┏━━

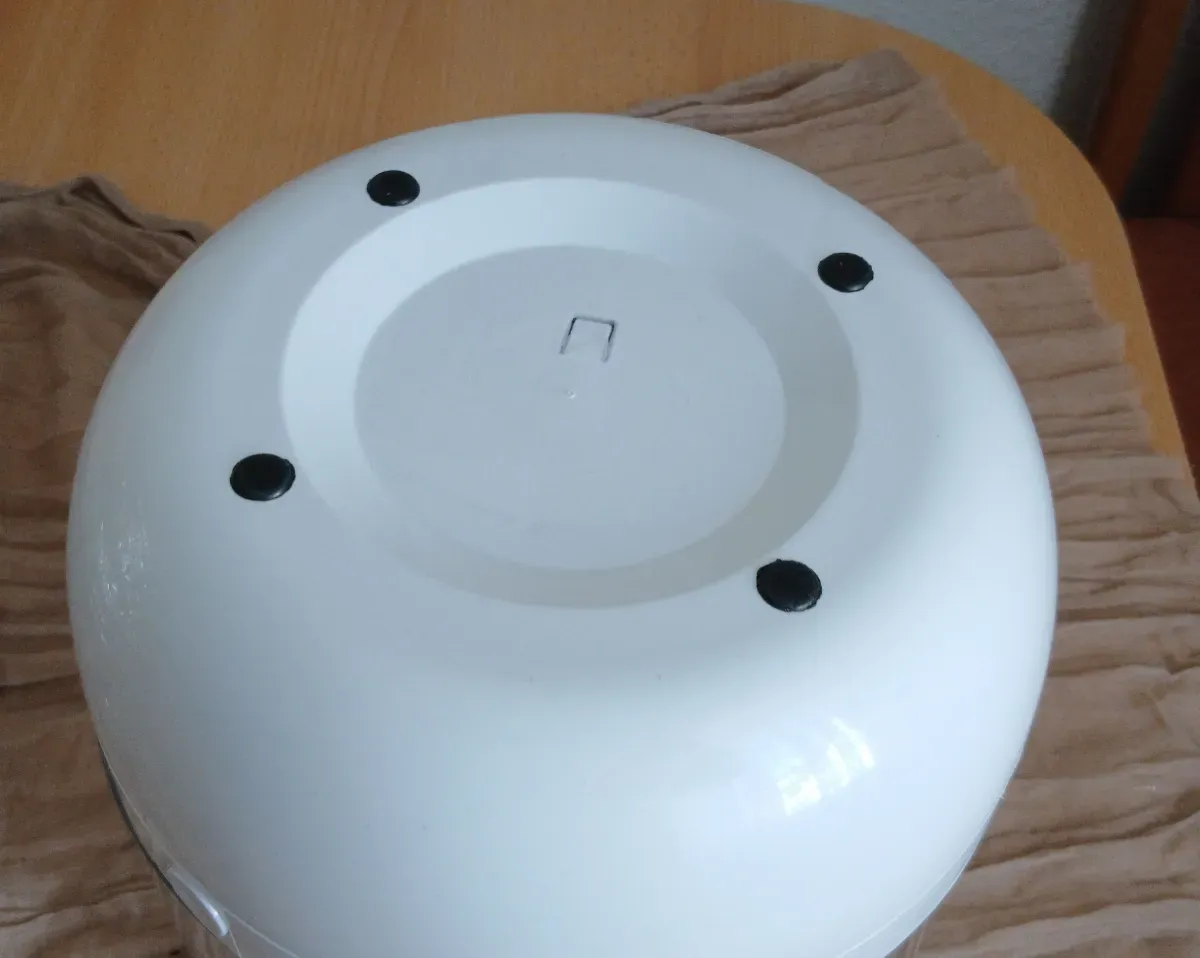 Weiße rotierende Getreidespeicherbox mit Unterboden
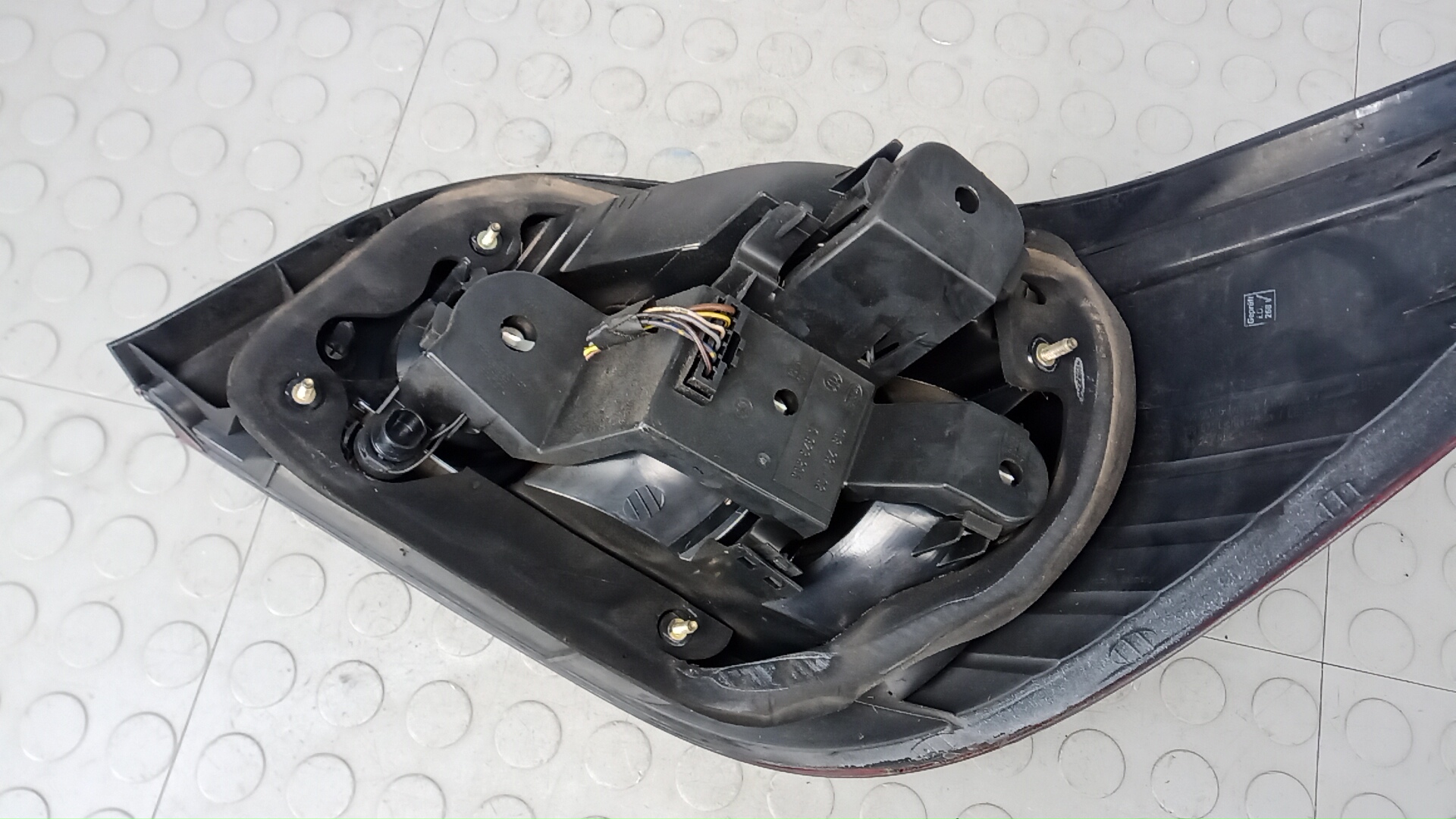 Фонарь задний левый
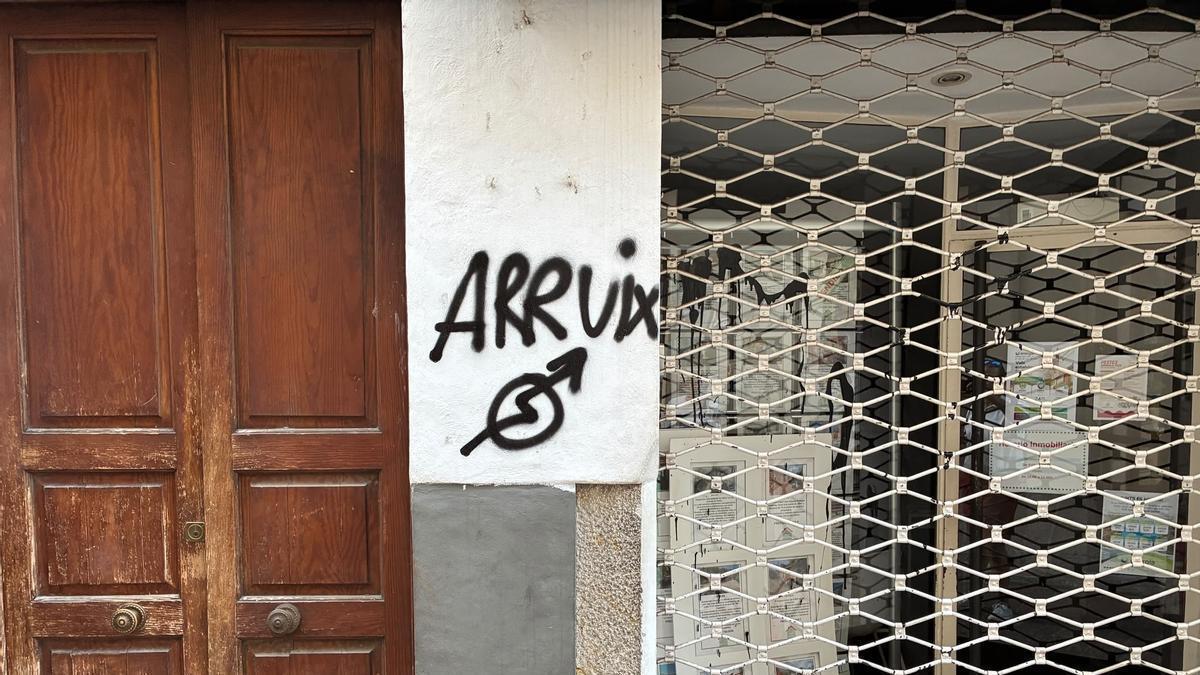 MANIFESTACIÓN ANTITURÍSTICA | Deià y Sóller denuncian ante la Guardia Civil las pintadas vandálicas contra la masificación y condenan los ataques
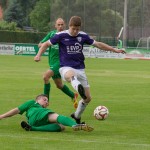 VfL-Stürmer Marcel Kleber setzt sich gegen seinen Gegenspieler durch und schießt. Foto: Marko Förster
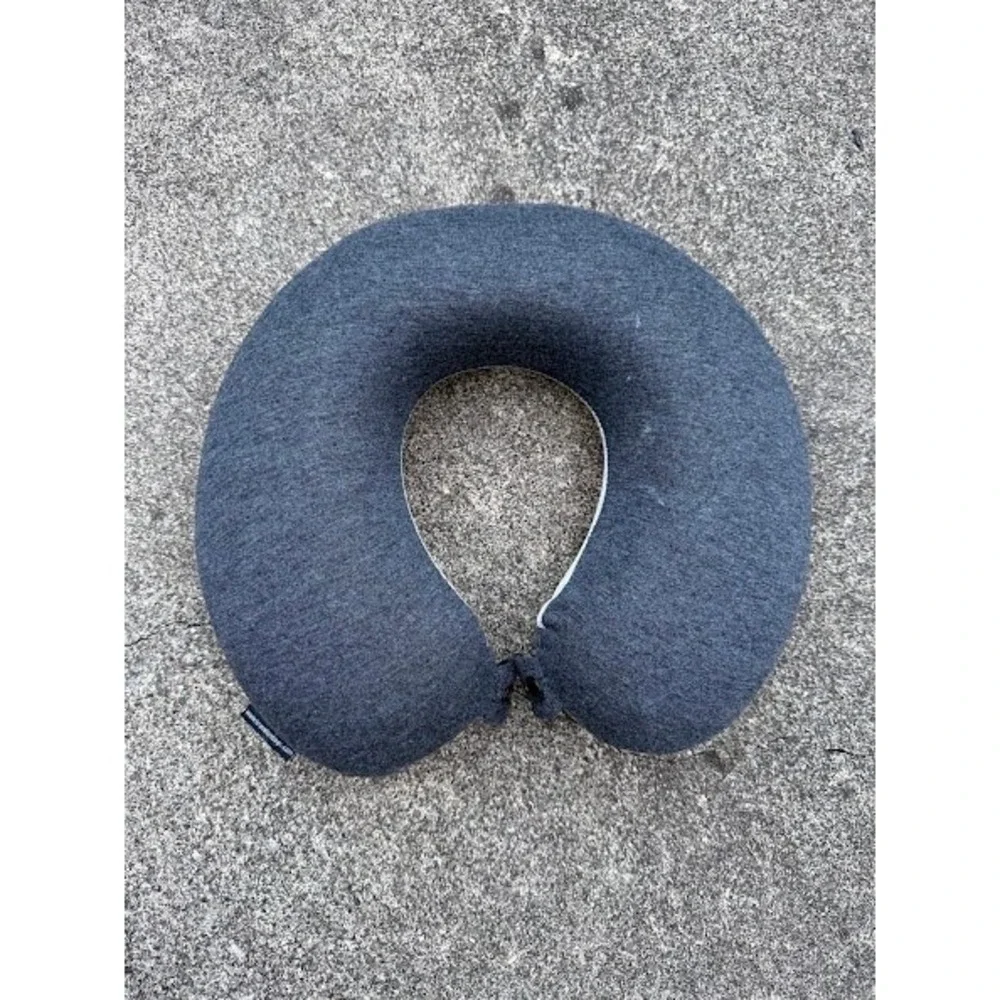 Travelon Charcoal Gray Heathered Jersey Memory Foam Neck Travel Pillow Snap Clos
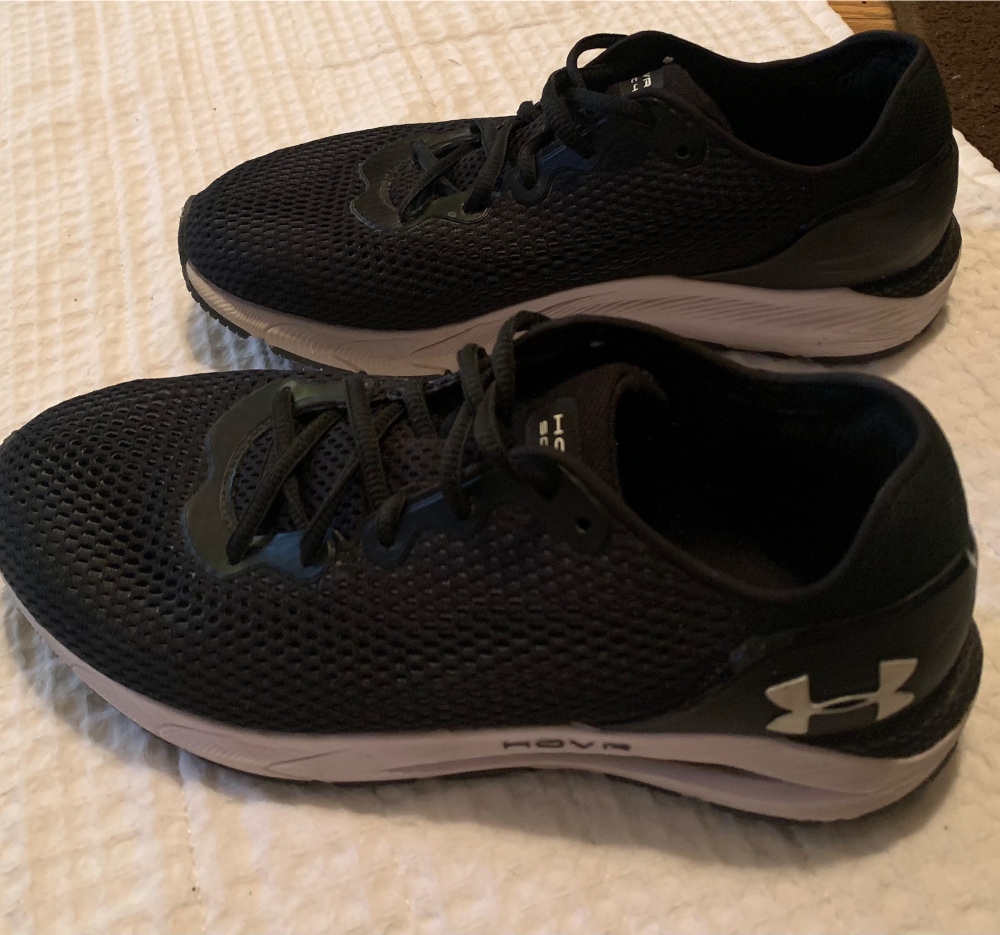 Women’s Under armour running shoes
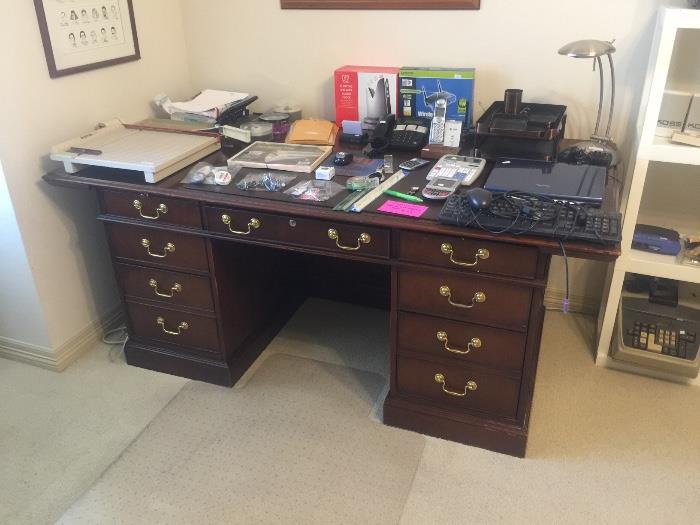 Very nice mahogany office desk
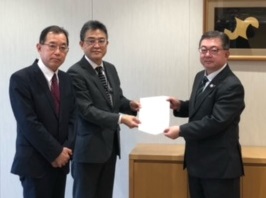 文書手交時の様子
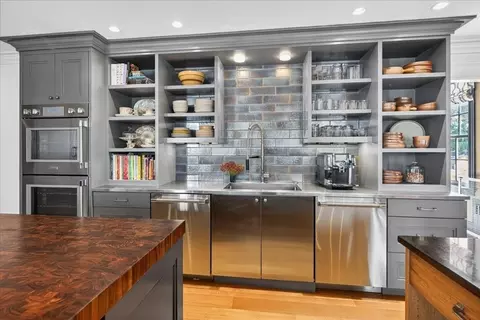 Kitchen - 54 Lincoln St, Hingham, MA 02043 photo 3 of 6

┗━━

The pictures stay out; repeat exactly the lines from the one with "Фонарь задний левый" to the end of the entries above, and nothing else.

 Фонарь задний левый
 MANIFESTACIÓN ANTITURÍSTICA | Deià y Sóller denuncian ante la Guardia Civil las pintadas vandálicas contra la masificación y condenan los ataques
 VfL-Stürmer Marcel Kleber setzt sich gegen seinen Gegenspieler durch und schießt. Foto: Marko Förster
 Travelon Charcoal Gray Heathered Jersey Memory Foam Neck Travel Pillow Snap Clos
 Women’s Under armour running shoes
 Very nice mahogany office desk
 文書手交時の様子
 Kitchen - 54 Lincoln St, Hingham, MA 02043 photo 3 of 6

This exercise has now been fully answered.